To enter the affordable arena with strength, Wood Partners turned to Bernard Felder, luring him from Bank of America’s community development group to handle affordable housing finance at Wood. “We had guys doing the architecture, engineering, construction, and entitlements in the local markets, but we didn’t understand affordable housing finance,” Jerry Durkin, a Wood Parners director, says.
Affordable housing, with its need for tax credits and its layered financing structures, is very different from Wood’s market-rate and condo developments. So Felder works with states, cities, and counties on affordable projects and develops a pipeline of equity investors. “The traditional equity investor is often not involved in providing equity for tax credits,” says Felder, a director at Wood Partners. “So the obvious first move was to expand our equity investor pool.”
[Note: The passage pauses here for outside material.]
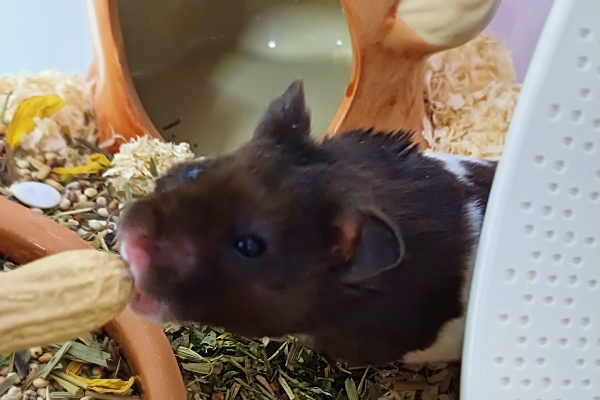 Bild von Ringo, ausgewachsen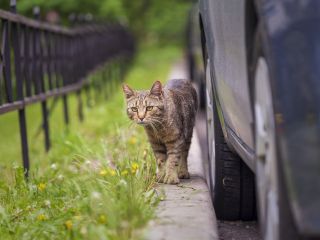 جریمه ۱۰ هزار پوندی تصادف با گربه‌ها در کمین راننده های انگلیسی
So far, the company has won over AIG SunAmerica, PNC Financial, Southtrust Community Development Corp., and Prudential as investors. “The partnership agreements and negotiations necessary for tax credit agreements are as close to brain damage as you can get,” Felder says. “Going through that brain damage with three to five core investors that have an appetite for your product can make the overall planning a lot less stressful than it already is.”
Since Wood holds affordable properties much longer than it usually keeps market rate apartments, the property management decision becomes even more critical. The company’s choice? The Lane Co. in Atlanta, which handles many of Wood’s affordable properties. “We aim to partner with those management companies that have a strong experience in mixed-income and 100 percent affordable housing communities,” Felder says.
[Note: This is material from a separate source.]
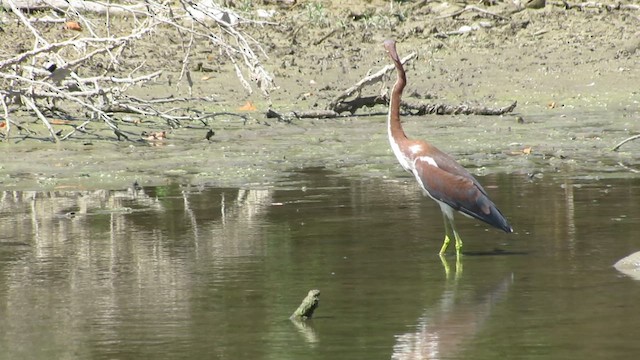 Tricolored Heron - ML640982740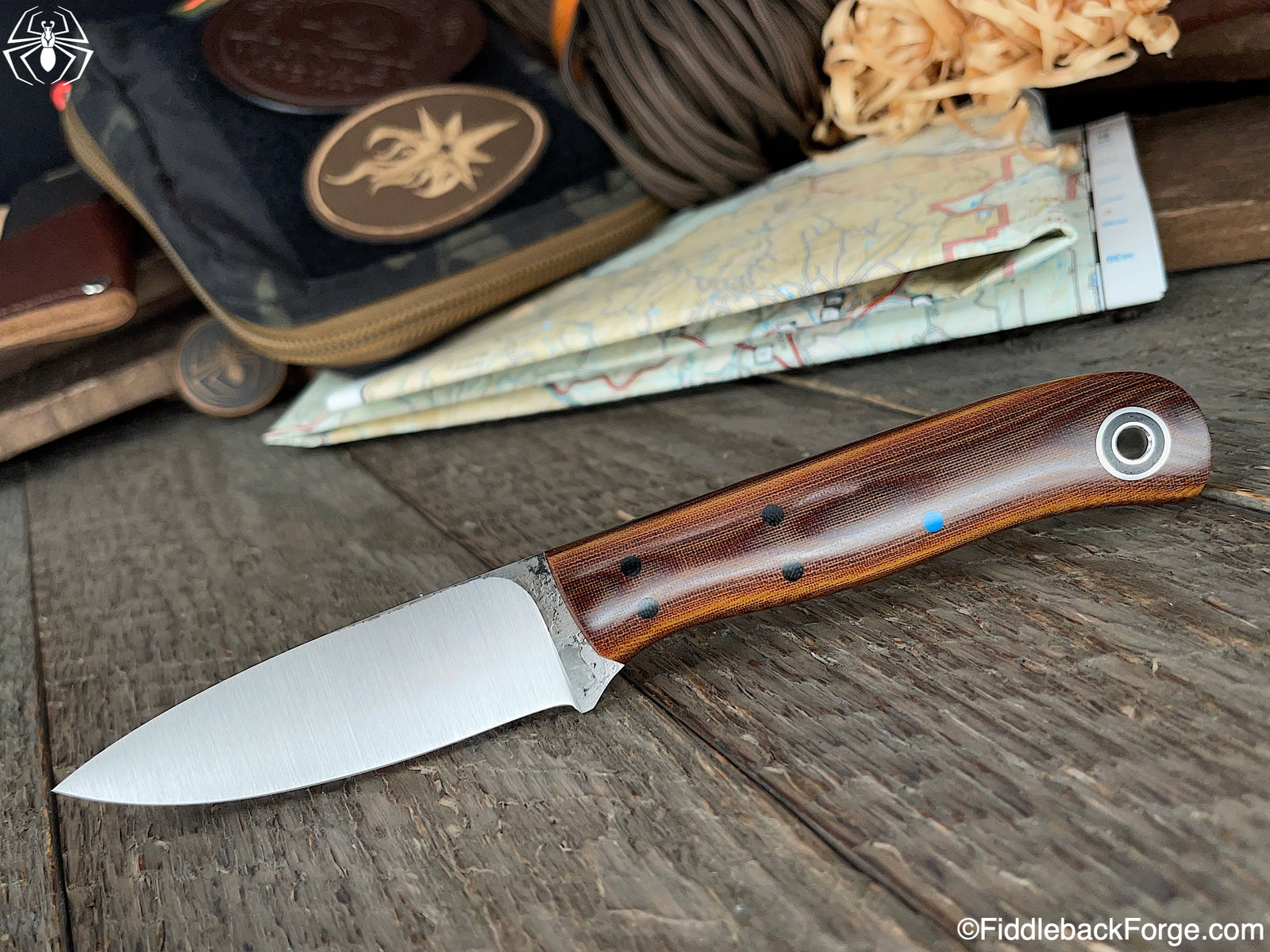 Fiddleback Friday 11/5/21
Young to Elderly Wood Partners also had its eye on demographics when it decided to enter senior and student housing. “More kids are pushing into university systems,” Wood says of the company’s rationale for adding student to its diverse product mix. “University budgets are stressed, and housing is a low priority.”
It is a challenge for the private sector as well. Student housing requires multiple-bed apartments, single-bed leases, lots of community space, plenty of parking, and sometimes even resident transportation to campus. To handle these needs, the company partners with Jim Shaffner, one of Simpson’s former colleagues and an experienced manager of student housing who now is a partner at University Housing Group in Charlotte. But the company is still testing the student market, not even hiring a full-time employee to head it up. “Student housing can be very successful, but it needs to be in the right place,” Wood says. “To us, it’s not something we do everywhere, but we do it where we find a select opportunity.”
At the other end of the generation spectrum, baby boomers are driving the company’s interest in senior housing. But the unit mix for this product differs from what the company usually builds. “There are more are people living alone,” Wood says. “You can have a shuttle service. And, you will have larger common areas where people can gather for a seminar or to play cards.”
As with senior housing, the company went outside for expertise, hiring a consultant, Kimberly Solbakk, and a senior manager, Steven D. Bell and Co. in Greensboro, N.C., to support these properties. So far, Wood Partners has one project under construction and two more on the way. Yet it won’t push too far beyond construction and ownership. “Our entry into that business is on the front end,” Durkin says. “We are doing Class A garden apartments focused on the over-55 crowd that needs extra services.”